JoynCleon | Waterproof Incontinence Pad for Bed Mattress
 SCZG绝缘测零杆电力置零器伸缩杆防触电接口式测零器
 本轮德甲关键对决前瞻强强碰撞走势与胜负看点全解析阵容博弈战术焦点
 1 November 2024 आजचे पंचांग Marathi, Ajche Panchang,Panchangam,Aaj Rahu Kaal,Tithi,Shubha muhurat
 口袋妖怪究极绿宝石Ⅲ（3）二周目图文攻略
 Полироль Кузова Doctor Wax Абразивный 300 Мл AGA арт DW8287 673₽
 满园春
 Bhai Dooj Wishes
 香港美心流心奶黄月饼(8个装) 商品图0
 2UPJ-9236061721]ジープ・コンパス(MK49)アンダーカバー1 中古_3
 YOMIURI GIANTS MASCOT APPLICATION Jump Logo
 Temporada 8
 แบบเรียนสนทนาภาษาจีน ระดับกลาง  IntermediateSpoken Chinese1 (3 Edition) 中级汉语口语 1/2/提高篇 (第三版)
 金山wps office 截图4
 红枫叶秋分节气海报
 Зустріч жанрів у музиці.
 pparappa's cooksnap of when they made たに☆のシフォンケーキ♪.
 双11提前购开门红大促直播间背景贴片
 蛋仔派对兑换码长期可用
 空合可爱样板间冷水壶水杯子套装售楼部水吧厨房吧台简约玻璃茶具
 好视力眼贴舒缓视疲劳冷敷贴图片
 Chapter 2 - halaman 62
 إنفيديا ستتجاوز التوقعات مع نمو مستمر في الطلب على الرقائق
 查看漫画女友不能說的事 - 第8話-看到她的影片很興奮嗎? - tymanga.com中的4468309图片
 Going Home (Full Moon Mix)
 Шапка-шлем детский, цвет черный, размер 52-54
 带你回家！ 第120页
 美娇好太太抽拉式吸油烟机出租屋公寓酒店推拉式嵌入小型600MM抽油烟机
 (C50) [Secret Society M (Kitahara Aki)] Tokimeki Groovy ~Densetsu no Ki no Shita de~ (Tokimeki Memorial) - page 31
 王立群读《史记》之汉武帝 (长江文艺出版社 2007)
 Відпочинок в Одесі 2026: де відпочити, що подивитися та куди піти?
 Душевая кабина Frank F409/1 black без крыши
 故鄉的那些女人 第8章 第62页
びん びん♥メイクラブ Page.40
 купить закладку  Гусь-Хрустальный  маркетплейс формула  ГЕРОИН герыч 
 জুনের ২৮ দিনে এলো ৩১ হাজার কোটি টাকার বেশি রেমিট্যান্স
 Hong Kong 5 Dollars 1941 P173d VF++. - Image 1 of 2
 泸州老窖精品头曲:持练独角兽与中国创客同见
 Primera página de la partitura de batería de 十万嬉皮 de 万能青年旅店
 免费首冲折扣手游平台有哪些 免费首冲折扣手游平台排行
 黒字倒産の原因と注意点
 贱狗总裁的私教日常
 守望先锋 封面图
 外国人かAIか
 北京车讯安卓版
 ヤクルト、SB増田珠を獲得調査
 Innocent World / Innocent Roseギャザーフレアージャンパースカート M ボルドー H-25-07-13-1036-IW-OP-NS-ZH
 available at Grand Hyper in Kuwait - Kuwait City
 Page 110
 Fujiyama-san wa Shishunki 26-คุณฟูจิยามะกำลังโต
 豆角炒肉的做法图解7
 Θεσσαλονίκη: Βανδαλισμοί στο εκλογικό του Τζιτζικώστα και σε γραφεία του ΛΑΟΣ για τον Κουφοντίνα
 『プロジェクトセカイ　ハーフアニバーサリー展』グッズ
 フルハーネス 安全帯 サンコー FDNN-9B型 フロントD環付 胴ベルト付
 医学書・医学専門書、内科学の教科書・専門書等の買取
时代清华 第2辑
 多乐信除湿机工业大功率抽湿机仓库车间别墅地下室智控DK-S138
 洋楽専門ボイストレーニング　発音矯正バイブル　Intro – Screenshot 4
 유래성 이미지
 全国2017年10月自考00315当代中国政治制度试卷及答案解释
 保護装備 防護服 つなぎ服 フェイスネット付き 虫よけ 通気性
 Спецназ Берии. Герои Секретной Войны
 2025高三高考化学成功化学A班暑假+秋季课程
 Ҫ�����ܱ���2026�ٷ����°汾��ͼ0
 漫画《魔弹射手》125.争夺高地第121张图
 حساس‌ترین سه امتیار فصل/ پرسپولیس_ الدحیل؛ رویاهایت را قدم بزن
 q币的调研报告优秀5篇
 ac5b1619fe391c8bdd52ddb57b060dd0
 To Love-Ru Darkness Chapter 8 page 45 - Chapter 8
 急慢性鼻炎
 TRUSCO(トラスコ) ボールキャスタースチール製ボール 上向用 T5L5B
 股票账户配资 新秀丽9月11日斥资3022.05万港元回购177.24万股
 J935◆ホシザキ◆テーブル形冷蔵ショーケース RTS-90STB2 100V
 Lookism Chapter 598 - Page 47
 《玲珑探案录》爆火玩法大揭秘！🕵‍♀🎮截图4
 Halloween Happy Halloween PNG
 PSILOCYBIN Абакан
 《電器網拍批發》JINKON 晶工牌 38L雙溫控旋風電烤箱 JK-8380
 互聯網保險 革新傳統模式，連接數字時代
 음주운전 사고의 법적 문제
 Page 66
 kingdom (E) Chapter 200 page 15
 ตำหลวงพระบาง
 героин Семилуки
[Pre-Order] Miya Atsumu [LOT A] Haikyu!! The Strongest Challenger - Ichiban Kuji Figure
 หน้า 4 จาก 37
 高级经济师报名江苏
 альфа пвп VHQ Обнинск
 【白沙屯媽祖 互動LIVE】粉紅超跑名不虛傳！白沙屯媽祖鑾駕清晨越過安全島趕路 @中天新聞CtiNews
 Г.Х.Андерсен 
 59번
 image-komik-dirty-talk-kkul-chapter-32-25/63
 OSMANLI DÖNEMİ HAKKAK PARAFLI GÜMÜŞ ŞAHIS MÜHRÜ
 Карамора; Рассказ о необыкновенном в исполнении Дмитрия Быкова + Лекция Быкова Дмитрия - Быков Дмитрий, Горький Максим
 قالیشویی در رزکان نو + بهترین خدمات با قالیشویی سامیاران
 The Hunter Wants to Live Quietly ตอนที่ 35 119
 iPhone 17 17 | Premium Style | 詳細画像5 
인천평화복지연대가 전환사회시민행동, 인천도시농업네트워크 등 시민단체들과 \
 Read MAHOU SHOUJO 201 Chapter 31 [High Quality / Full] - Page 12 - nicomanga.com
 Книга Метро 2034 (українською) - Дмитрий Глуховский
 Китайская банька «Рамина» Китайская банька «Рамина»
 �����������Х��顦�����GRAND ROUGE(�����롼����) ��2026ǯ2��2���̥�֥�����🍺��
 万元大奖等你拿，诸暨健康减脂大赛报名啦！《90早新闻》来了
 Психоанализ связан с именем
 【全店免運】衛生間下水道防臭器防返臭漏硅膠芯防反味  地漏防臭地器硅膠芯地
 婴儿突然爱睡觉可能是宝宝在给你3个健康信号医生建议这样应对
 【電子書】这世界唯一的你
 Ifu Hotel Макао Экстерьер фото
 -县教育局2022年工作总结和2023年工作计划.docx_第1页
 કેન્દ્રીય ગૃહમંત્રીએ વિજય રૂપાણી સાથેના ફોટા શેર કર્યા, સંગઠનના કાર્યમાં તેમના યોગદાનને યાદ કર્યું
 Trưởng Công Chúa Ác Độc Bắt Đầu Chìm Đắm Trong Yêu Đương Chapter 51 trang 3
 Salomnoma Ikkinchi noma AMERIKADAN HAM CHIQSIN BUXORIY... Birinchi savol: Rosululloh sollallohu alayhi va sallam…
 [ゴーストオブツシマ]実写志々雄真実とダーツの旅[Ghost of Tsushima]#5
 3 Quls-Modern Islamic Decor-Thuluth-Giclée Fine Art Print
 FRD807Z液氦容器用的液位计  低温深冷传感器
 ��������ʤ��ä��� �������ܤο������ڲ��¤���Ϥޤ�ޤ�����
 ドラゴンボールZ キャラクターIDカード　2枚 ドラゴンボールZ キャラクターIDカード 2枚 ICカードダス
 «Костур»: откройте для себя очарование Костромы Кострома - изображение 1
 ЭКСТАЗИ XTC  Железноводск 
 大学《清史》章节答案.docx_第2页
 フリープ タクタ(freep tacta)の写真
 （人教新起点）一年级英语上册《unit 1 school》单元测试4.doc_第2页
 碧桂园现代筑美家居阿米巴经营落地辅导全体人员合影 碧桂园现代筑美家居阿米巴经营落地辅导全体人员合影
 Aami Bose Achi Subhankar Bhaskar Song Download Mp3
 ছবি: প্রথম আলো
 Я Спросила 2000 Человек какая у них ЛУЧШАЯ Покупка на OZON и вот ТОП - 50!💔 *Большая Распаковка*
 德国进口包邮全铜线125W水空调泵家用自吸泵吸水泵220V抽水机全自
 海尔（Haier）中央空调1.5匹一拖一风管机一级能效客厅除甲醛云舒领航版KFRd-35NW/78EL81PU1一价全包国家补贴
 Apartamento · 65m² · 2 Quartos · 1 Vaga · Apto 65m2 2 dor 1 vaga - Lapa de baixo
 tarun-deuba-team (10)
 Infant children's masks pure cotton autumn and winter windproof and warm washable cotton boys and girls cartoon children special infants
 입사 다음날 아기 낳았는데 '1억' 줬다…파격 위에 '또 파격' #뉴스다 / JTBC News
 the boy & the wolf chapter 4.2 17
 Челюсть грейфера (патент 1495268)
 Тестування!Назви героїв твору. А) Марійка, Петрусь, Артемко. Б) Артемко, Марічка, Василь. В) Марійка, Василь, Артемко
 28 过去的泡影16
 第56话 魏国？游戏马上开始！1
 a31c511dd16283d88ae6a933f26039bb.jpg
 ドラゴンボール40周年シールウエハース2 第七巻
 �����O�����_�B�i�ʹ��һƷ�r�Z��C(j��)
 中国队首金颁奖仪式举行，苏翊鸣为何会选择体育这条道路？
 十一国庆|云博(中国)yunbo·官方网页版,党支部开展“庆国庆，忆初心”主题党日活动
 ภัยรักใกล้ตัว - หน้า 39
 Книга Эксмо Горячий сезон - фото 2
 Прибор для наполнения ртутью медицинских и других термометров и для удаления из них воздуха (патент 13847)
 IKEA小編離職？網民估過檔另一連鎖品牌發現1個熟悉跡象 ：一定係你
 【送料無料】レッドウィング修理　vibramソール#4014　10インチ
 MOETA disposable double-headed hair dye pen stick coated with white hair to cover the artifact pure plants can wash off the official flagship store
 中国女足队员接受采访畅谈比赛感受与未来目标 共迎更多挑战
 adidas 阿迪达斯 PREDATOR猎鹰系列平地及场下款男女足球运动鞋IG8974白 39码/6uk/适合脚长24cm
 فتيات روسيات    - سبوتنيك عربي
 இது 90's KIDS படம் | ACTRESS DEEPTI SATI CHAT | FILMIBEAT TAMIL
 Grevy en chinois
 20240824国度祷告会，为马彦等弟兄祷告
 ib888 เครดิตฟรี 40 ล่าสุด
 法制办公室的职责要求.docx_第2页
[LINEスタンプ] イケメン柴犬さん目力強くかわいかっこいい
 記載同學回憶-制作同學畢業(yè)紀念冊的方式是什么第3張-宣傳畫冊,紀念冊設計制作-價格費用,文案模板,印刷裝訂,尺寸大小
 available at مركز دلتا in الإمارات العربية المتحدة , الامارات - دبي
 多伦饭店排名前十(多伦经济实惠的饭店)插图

··········

● **Work required**
Each line from the start of the listing through the line with "空合可爱样板间冷水壶水杯子套装售楼部水吧厨房吧台简约玻璃茶具" is to be restated verbatim, both ends included.

● **Reply to the exercise**
JoynCleon | Waterproof Incontinence Pad for Bed Mattress
 SCZG绝缘测零杆电力置零器伸缩杆防触电接口式测零器
 本轮德甲关键对决前瞻强强碰撞走势与胜负看点全解析阵容博弈战术焦点
 1 November 2024 आजचे पंचांग Marathi, Ajche Panchang,Panchangam,Aaj Rahu Kaal,Tithi,Shubha muhurat
 口袋妖怪究极绿宝石Ⅲ（3）二周目图文攻略
 Полироль Кузова Doctor Wax Абразивный 300 Мл AGA арт DW8287 673₽
 满园春
 Bhai Dooj Wishes
 香港美心流心奶黄月饼(8个装) 商品图0
 2UPJ-9236061721]ジープ・コンパス(MK49)アンダーカバー1 中古_3
 YOMIURI GIANTS MASCOT APPLICATION Jump Logo
 Temporada 8
 แบบเรียนสนทนาภาษาจีน ระดับกลาง  IntermediateSpoken Chinese1 (3 Edition) 中级汉语口语 1/2/提高篇 (第三版)
 金山wps office 截图4
 红枫叶秋分节气海报
 Зустріч жанрів у музиці.
 pparappa's cooksnap of when they made たに☆のシフォンケーキ♪.
 双11提前购开门红大促直播间背景贴片
 蛋仔派对兑换码长期可用
 空合可爱样板间冷水壶水杯子套装售楼部水吧厨房吧台简约玻璃茶具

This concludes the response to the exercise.